Jindarat Viriyathavikul, Director General of the Public Debt Management Office, revealed that S&P Global Ratings’ (S&P) recent analysis has maintained Thailand’s Sovereign Credit Rating at BBB+ along with a “Stable” outlook.
Key details include the forecast for real GDP growth, which is expected at 2.0% in 2026, reflecting the impacts from global energy market volatility that is pressuring domestic economic activities. However, Thailand’s economy is projected to recover from 2027 onwards, with average growth anticipated at 2.3% for 2026 – 2029.
Political stability under the new government is expected to support continuity in policy, reinforcing efforts to restructure the economy and advance investment projects in line with the country’s long-term strategic plan. This includes priority initiatives such as the Eastern Economic Corridor (EEC) and major transportation infrastructure projects.
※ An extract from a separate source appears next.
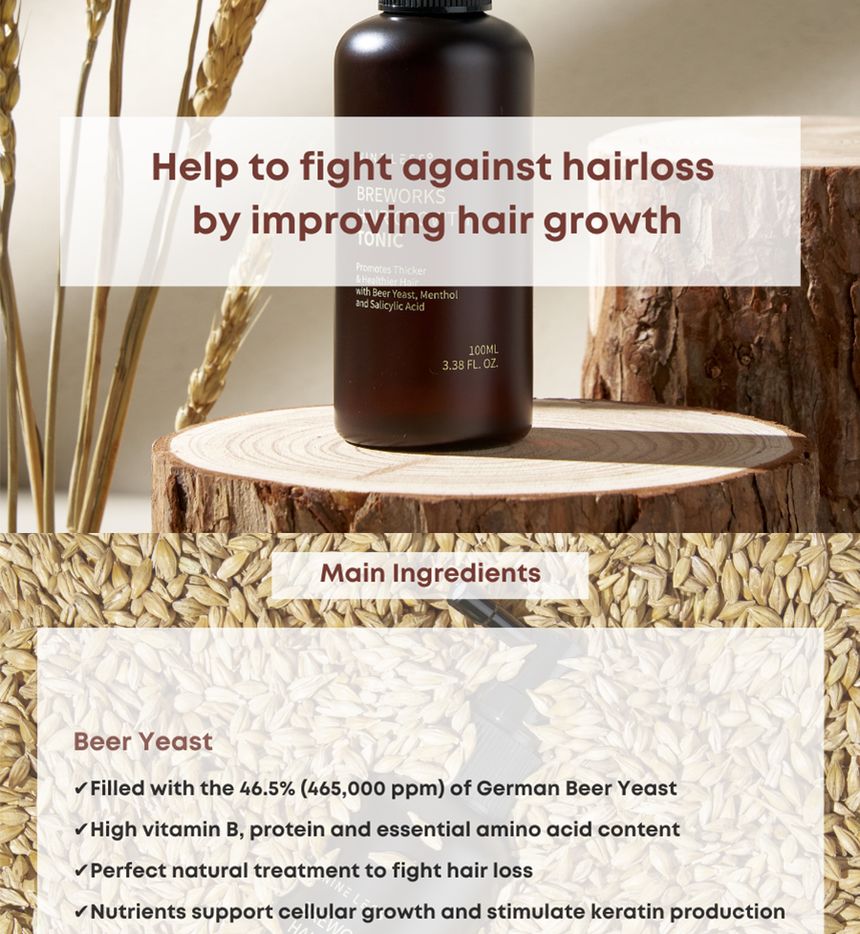 Buy NINELESS - Breworks Hair Boost Tonic in Bulk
State enterprise investments and public-private partnerships (PPP) are set to play a vital role in enhancing the nation’s future competitiveness.
Asadej Kongsiri, President of the Stock Exchange of Thailand (SET), stated that S&P’s affirmation of Thailand’s credit rating is a significant positive signal, highlighting Thailand’s strong financial stability and substantial foreign reserves. These factors help buffer against external volatility, while government stability remains a key driver supporting policy continuity, economic restructuring, and long-term strategic investment plans.
The credit rating confirmation will also enhance investor confidence and attract continuous capital inflows into the Thai stock market. Listed firms can continue to sustain competitive funding costs abroad, which is a positive for business growth and the market over the long term.
Pornanong Budsaratragoon, Secretary-General of Thailand’s Securities and Exchange Commission (SEC), stated that S&P’s decision reflects Thailand’s macroeconomic stability, debt management, and fiscal standing relative to neighboring countries in the region. It also benefits the Thai capital market, especially regarding fund flows, as it alleviates international institutional investors’ concerns about macroeconomic risks. This ensures Thai assets remain attractive and provides a positive sentiment for the investment sector.